• Data under study
*** Begin section ***

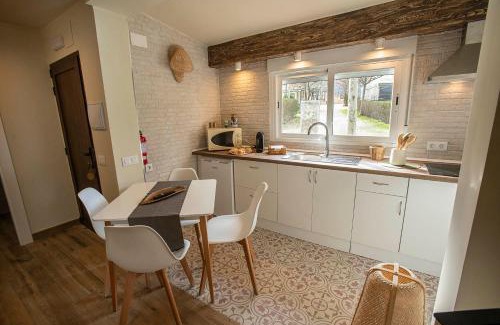 Aldeanueva del Camino House | Family-Friendly Complejo Roma with Oceanfront Pool Access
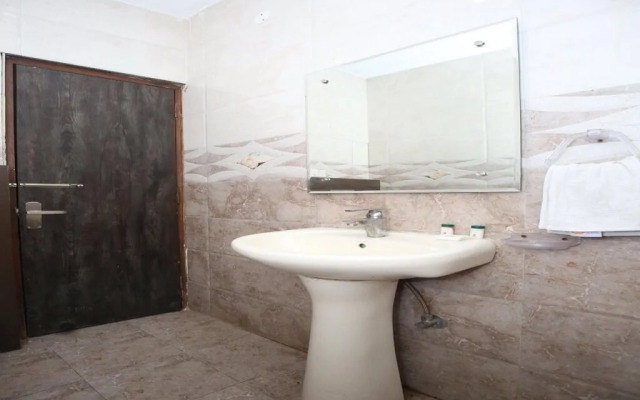 Hotel Royal Blue By OYO Rooms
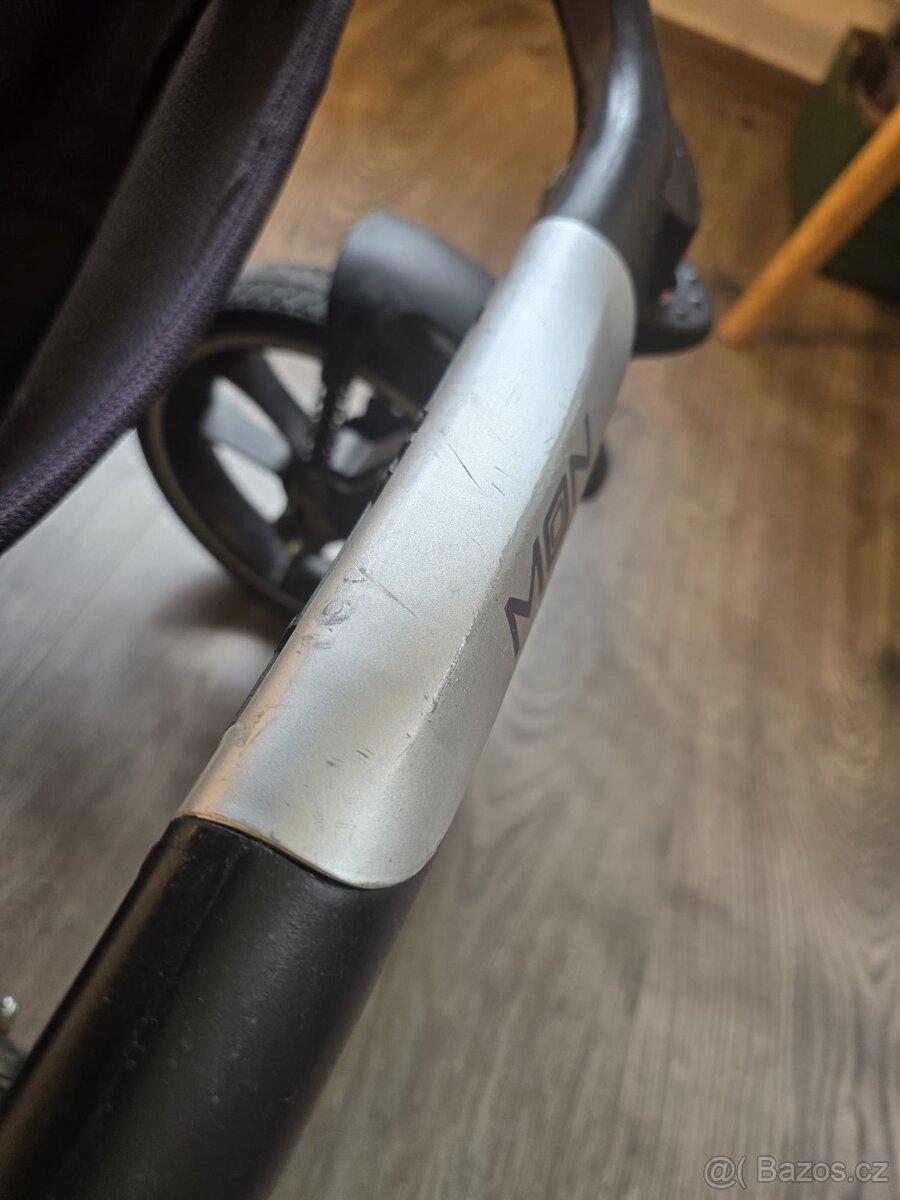 Kočárek Nuova moon + pláštěnka - 9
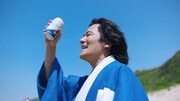 「オールフリー」新CM「ノンアル維新！夏だ、自由だ。」編のワンシーン。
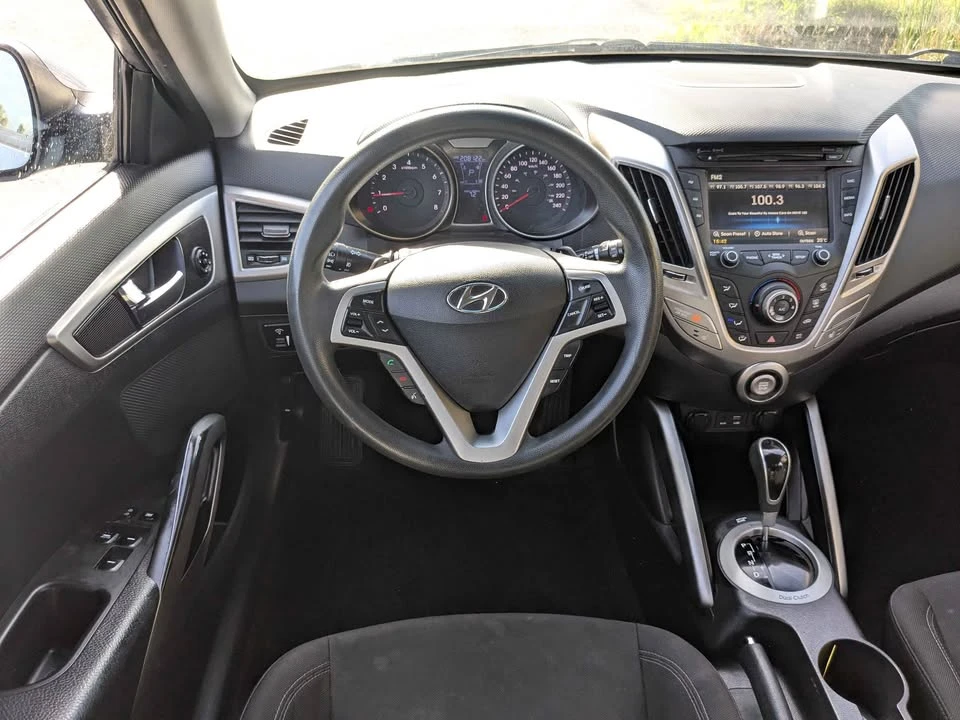 2017 Hyundai Veloster - Image 13 of 20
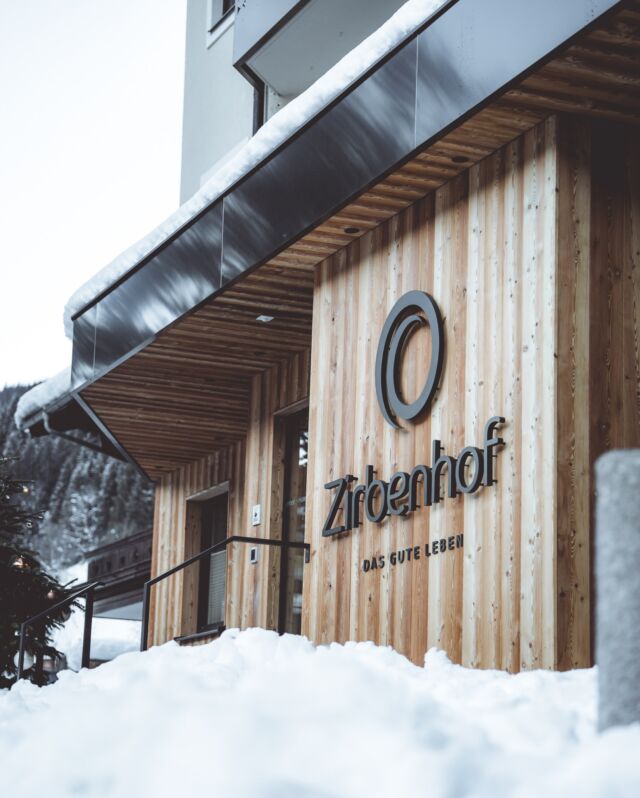 Heute präsentieren wir euch die Neugestaltung des Hotel Zirbenhof in Kleinarl. Ein Logo, das nicht nur den ewigen Kreislauf des Lebens darstellt, sondern auch die tiefe Philosophie der Familie Fritzenwallner einfängt. Ein Design, das die Natur ehrt und den ständigen Fluss des Wachsens und Werden symbolisiert. Unser Designkonzept, das sich in diesem Symbol der Transformation und Nachhaltigkeit widerspiegelt, findet sich in der Innenarchitektur wieder und schafft so eine vollständige und authentische Erfahrung für den Gast.

Bist auch du bereit, deine Hotelmarke neu zu denken? Dann lass uns gemeinsam Designkonzepte entwickeln, die nicht nur Geschichten erzählen, sondern auch tief berühren. #jointherebeluniverse

#change #rebellinsights #behindthebrand #simplicity #smashtheboringstuff #strivefortheextraordinary #rebellcreative #logo #logodesign #minimalism #beingrebelsisoursuperpower #storytelling #marketing #branding #digitalmarketing #onlinemarketing #marketingstrategy #designinspiration #creative #typografie #corporatedesign #dowhatyoulove #designmadeinaustria #designphilosophie #hotelzirbenhof #markenentwicklung @innenarchitekturstranger  @danielkogler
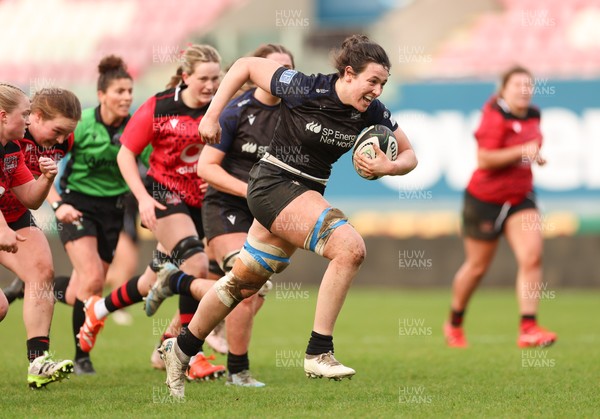 201225 - Brython Thunder v Glasgow Warriors, Celtic Challenge - Gemma Bell of Glasgow Warriors breaks for the line to set up a try for Ailsa Merryweather of Glasgow Warriors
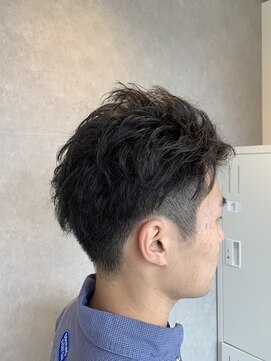 リム(LIM) 刈り上げ有りのスパイキーショート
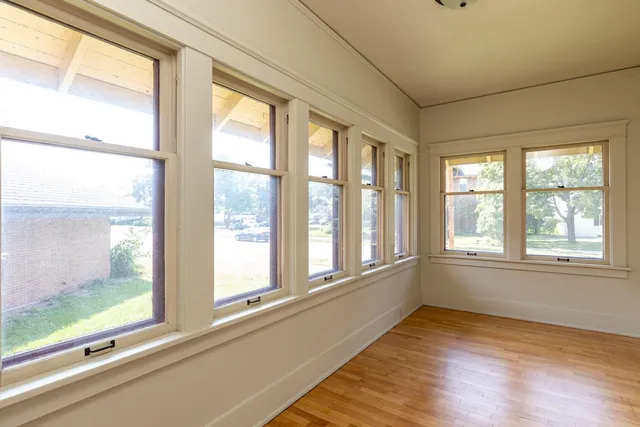 $239,900 | 644 Wisconsin Street, Oshkosh, WI 54901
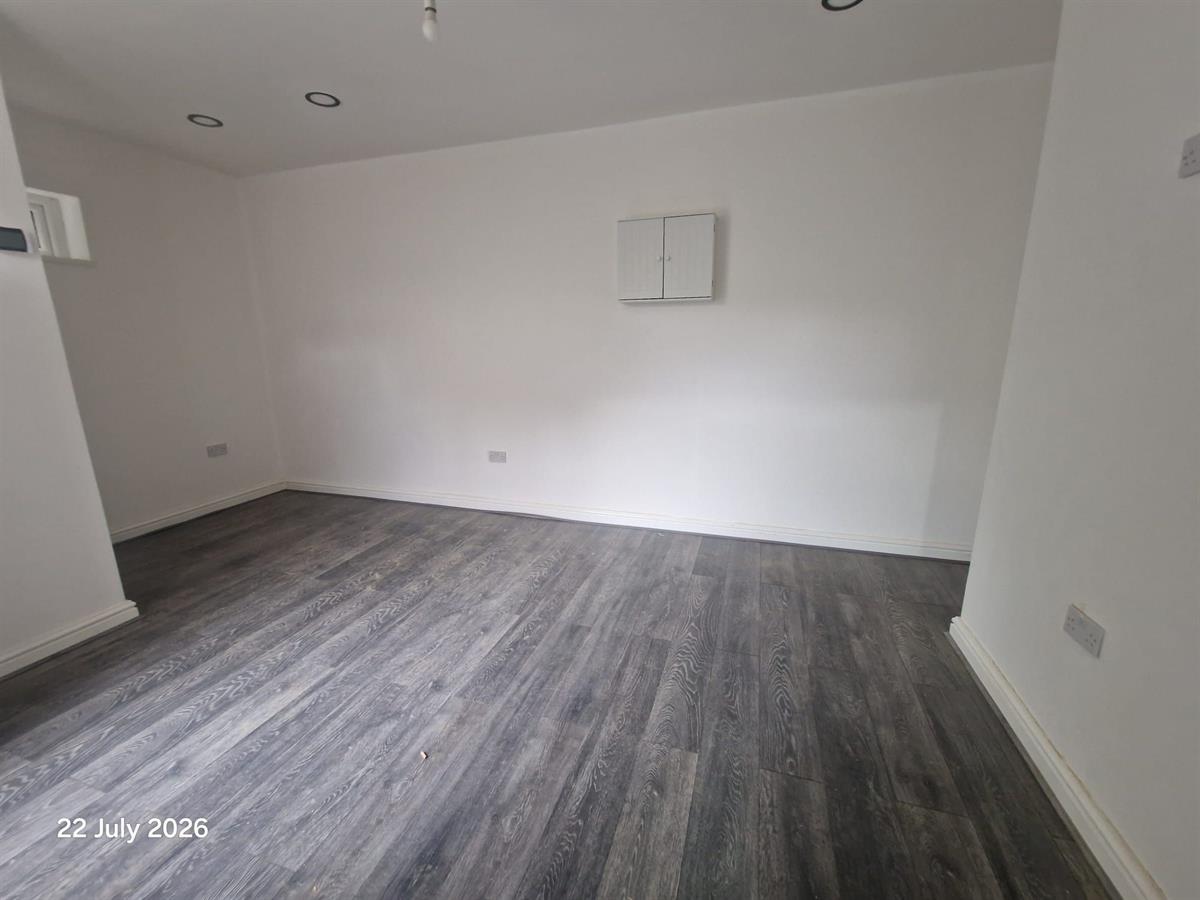 Photo of Flat 2, Stanningley Road, Leeds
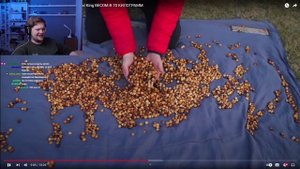 Вангоу смотрит: МЫ ПРИГОТОВИЛИ ОГРОМНЫЙ Kinder Maxi King ВЕСОМ В 70 КИЛОГРАММ
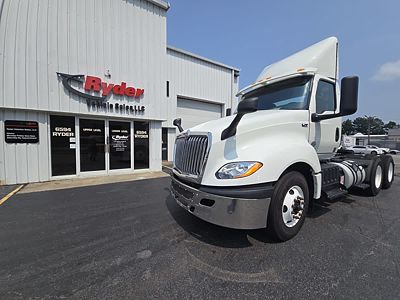 2020 International LT625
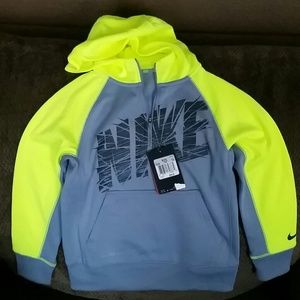 BRAND NEW WITH TAGS NIKE BOYS HOODIE XS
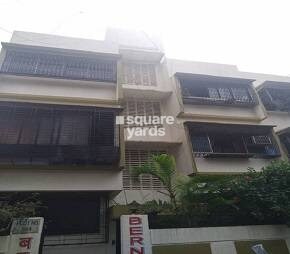 Bernard Apartment Entrance View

*** End section ***

Repeat exactly the lines above, from the line containing "Вангоу смотрит: МЫ" through the last line of the records, inclusive; omit any pictures.

 Вангоу смотрит: МЫ ПРИГОТОВИЛИ ОГРОМНЫЙ Kinder Maxi King ВЕСОМ В 70 КИЛОГРАММ
 2020 International LT625
 BRAND NEW WITH TAGS NIKE BOYS HOODIE XS
 Bernard Apartment Entrance View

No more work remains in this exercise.